Recently, I had the opportunity to address a group of community banking executives on social media best practices at the Tennessee Bankers Association biannual roundtable event. It was an engaged group of 40 or so bankers from across the state, and they asked some great questions.
Following are some of the high points of our discussion. With limited time and resources, small-town banks – or any small business – can’t do everything on social media, nor should they. Make your social media channels work for you with these tips and recommendations.
Consider your resources. Don’t create presences on every network under the sun. If you only have bandwidth for Facebook, just do Facebook.

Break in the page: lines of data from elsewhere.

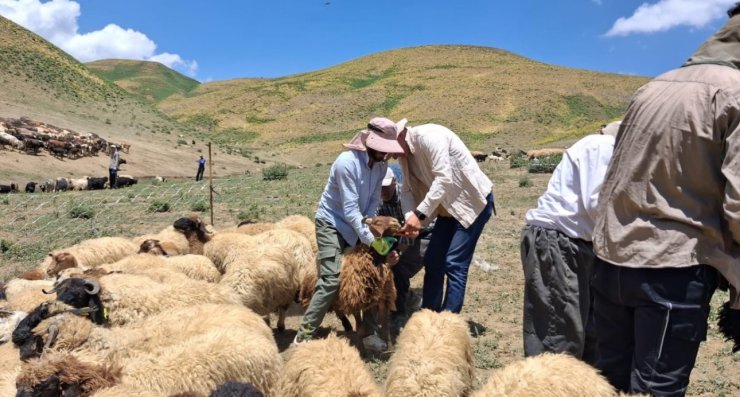 Yüksekova’da hayvanların aşılama ve kimliklendirme çalışmaları sürüyor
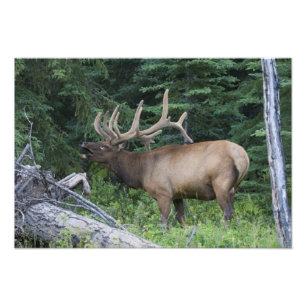 Bugling Elk in Banff National Park, Kanada. Fotodruck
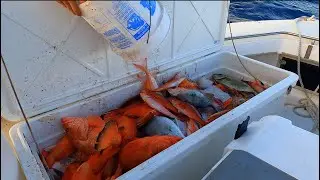 300lbs of FISH - Commercial Trip in Bermuda Triangle | ep 13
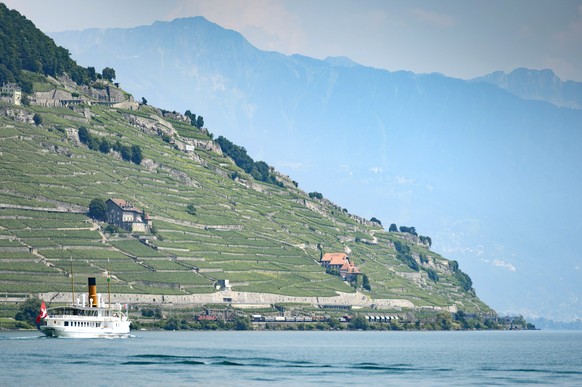 Konsens am Lac&nbsp;Léman: Von links bis rechts wurde für das Steuerprivileg gestimmt.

Be found. If you have multiple branches, make sure your Facebook address is updated, and take control of Google My Business so your customers can find your physical locations.

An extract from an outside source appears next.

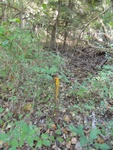 2012-09-24_10-40-12_DSC03130.JPG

Connect with your customers. It can be nerve-wracking for businesses to open themselves up on social media to negative reviews or comments. But remember that nothing is more powerful than a company’s responding to and helping fix a customer issue publicly for others to see.
Promote your networks. List your social icons everywhere! On signage in the branch. In any e-communications you have with customers. On printed pieces.
Select your networks with care. Think about what you post where. Here’s an example of what a bank’s network mix could look like and the content they share:
- Facebook: Post about new employees, customer appreciation events, philanthropic efforts, community happenings, maybe even live video from the branch president during key moments.
- Twitter: Tweet during networking events, with other organizations (like nonprofits you’re supporting), and with media and other influencers as appropriate.
- LinkedIn: You could post job openings to a company page here. Your bank executives should also have updated LinkedIn profiles.
- Instagram: Instagram is all about compelling photos and videos. Consider a presence here if you have someone on staff with a good eye who can capture compelling images of your branch or community in a way that makes sense for your company.